I usually try to refrain from posting more than one status update in a 24 hour period.  It is generally acceptable to post an update every 6-8 hours.  If you regularly find yourself needing to update more often than that, you might be better served with a Twitter account.

(2)  Writing a wall post on somebody's wall.

You are writing a wall post on somebody's wall when you go to that person's wall and type in the box that prompts you with, "Write something."

We write posts on each other's walls when we have something innocuous to say to someone.   This should be something we don't mind everyone seeing ("innocuous"), as it is obviously a public post.  Examples would be, "Hey!  I enjoyed running into you at the park yesterday!"  or  "Did you know that avocados are on sale at Aldi this week?"  or  "What time does the concert start at church tonight?"

This is actually, among the older demographic, a very rarely used form of Facebook communication.

It is mostly good that we rarely post on each other's walls... when we are being cautious and send the sentiment in a private message instead.  I will discuss this further in the section on private Facebook messages.

It is mostly bad that we never write wall posts... when we just write what really should be a wall post, but we add it to the comments of somebody's status update, even when it has absolutely nothing to do with the status update.  I will discuss this further in the section on comments on status updates.  Speaking of which...

(3)  Commenting on a status update on somebody's wall.

We comment on a status update when we read the status update and have something to say about it.  A box appears after the status or at the end of the thread of comments, inviting us to: "Write a comment."

If a lot of people are commenting on a given status update, you should read the other comments before you add yours; otherwise, you may just say the same thing everybody else said.
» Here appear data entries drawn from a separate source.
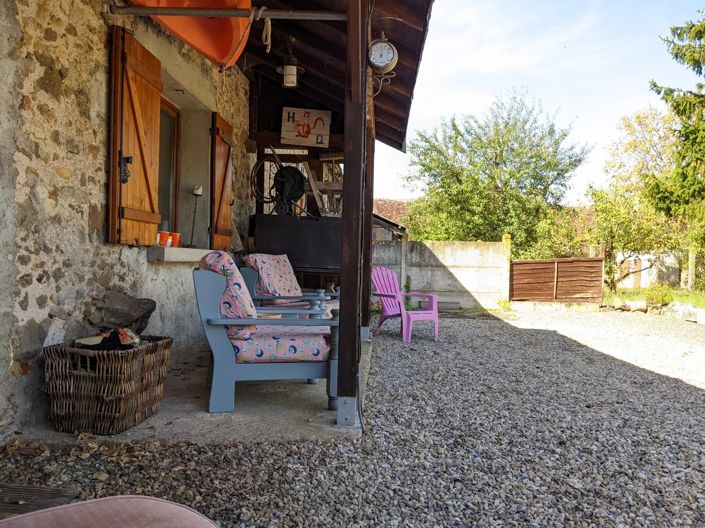 Image No.10-4 Bed Village House for sale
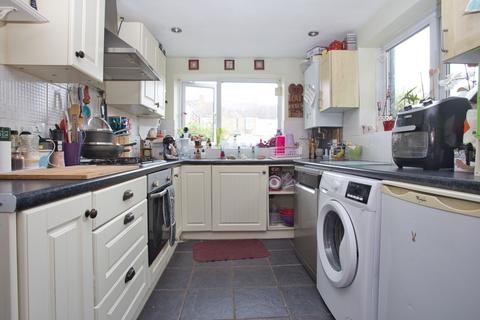 62 Greenfield Road, Folkestone, CT19 6ER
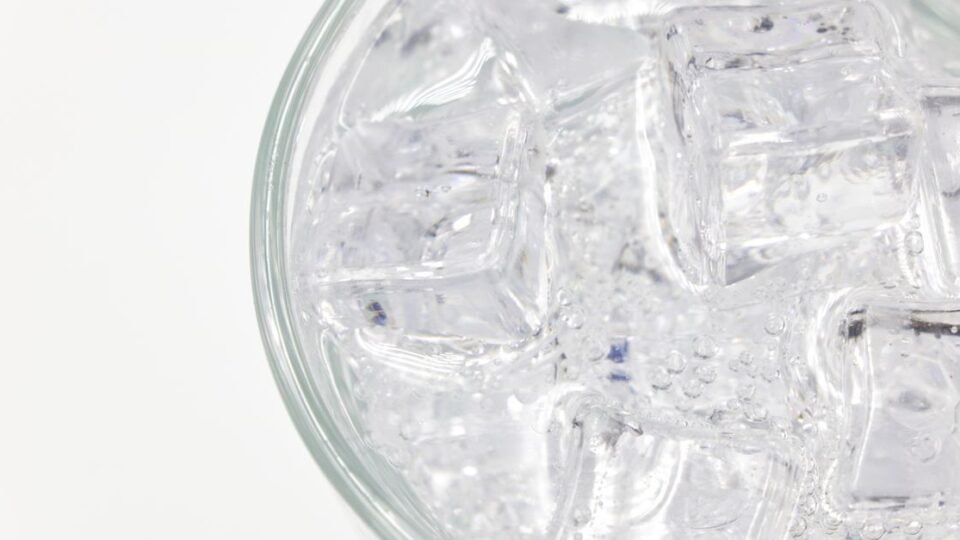 텀블러 세정제 살까 말까, 발포 알약 세척 시 주의할 잔여물과 장단점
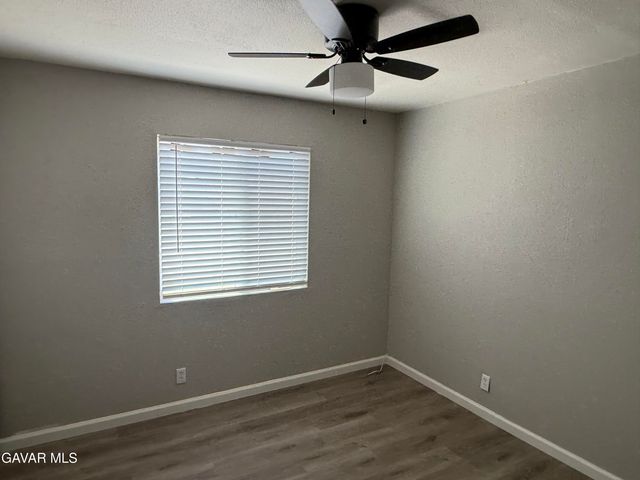 4242 W Avenue L 102, Lancaster, CA 93536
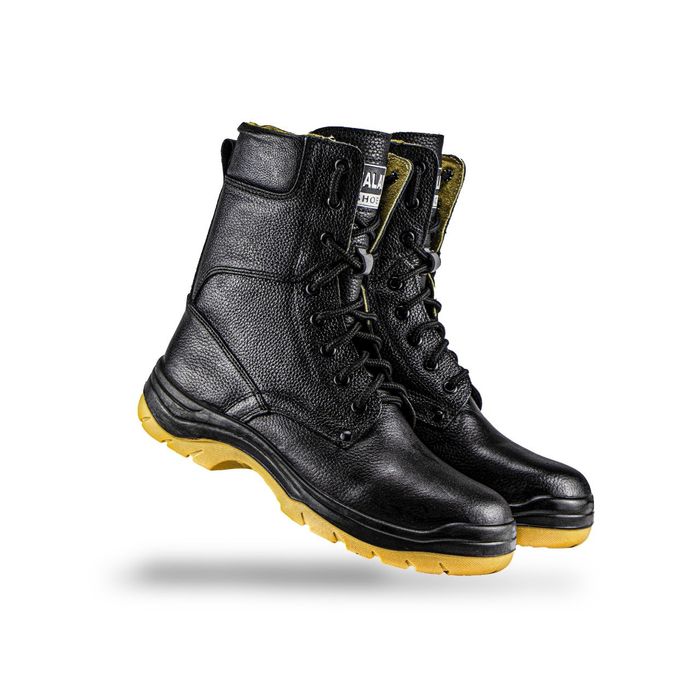 Военные сапоги...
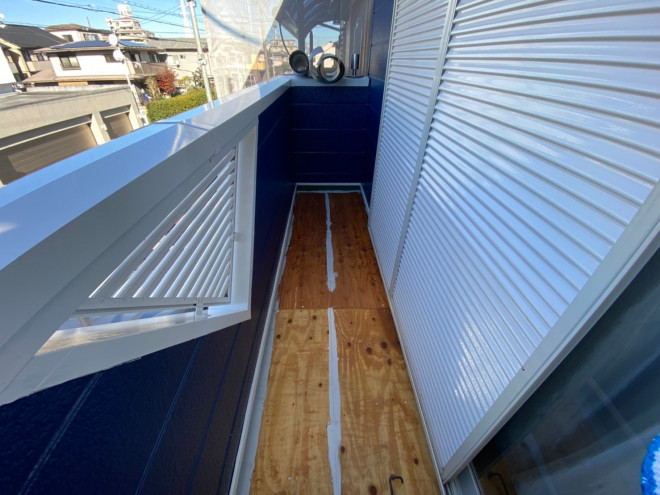 ベランダにコンパネを施工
When commenting on a status update, please keep in mind that every other person who has already commented on this status will receive a notification of your comment and see what you said.   Make sure that you are actually adding something to the conversation at hand.
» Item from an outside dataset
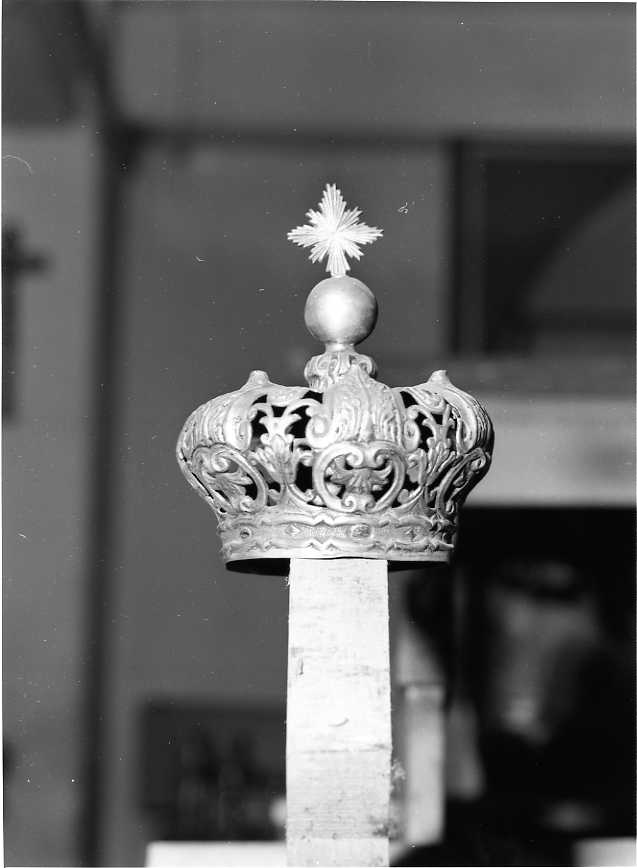 motivi decorativi vegetali (corona da statua) - bottega campana (sec. XVIII)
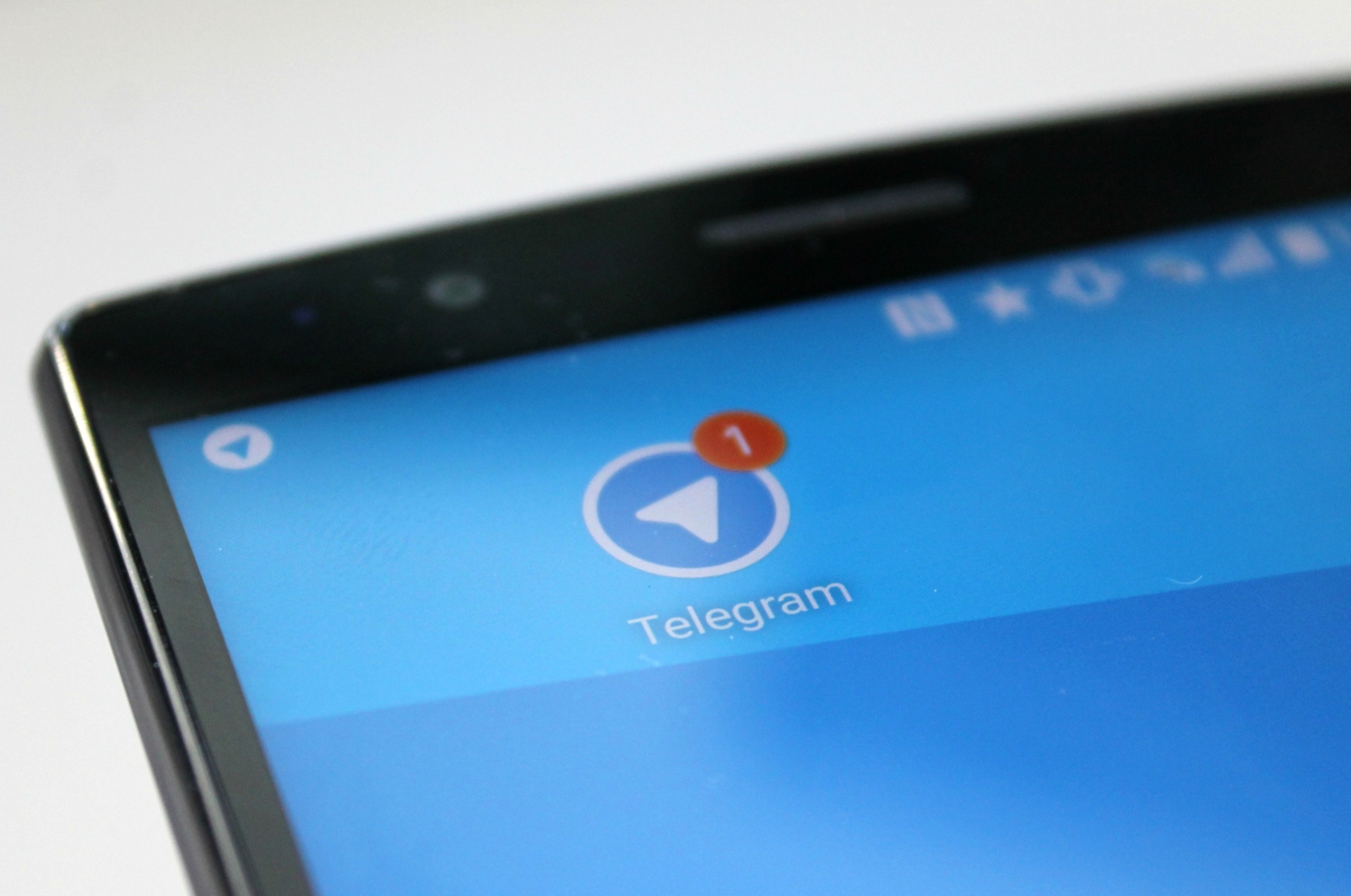 Trapelano le immagini del prossimo aggiornamento di Telegram: più swipe, Material Design e un nuovo video player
Sometimes some of us older folk just peruse our homepages, and we see the status update of someone (for our purposes, let's suppose a hypothetical friend named Trisha) followed by a long thread of comments.  Rather than reading the status and the thread, we simply think, "Oh!  I haven't spoken to Trisha for a long time!!"  Then we type into the comment box, "Hi Trisha!  What have you been up to lately?  I just bought a brand new car!!"

Now, this comment (a) has nothing to do with anything, (b) will appear as a notification to every other previous commenter on the status, and (c) is even slightly boastful and off-putting.  So:  Do not do that.

Make sure that whenever you type into the box that prompts you with, "Write a comment," you are actually commenting on the post connected to that box.  If you have something else to say, please write a wall post or send a private message!  Yes, you have to visit the person's page to do that.  It requires one click on their name, and you will be there, perfectly positioned to use excellent Facebook etiquette.

(4)  Sending a private Facebook message.

You can send a private Facebook message by going to a person's page and clicking on the box that says, "Send a message."

The nice thing about private messages is that they are private.  They are just between the person and you.  You should choose this option if:

(a) There is anything of a confidential nature in the message, or any information you need to keep secure.
(b) The message would be totally boring and irrelevant to the general public.
(c)  The message is about a social event or something else that is somewhat exclusive and might have the capacity to be hurtful to people who are not included.
(d) You are unsure of whether it is appropriate to post your message in full public view.

You might be tempted to think that you should only ever send private messages on Facebook.  Indeed, it is the safest way to go.  However, it is nice to write on people's walls when an appropriate occasion presents itself.

Everybody feels loved when they get a wall post.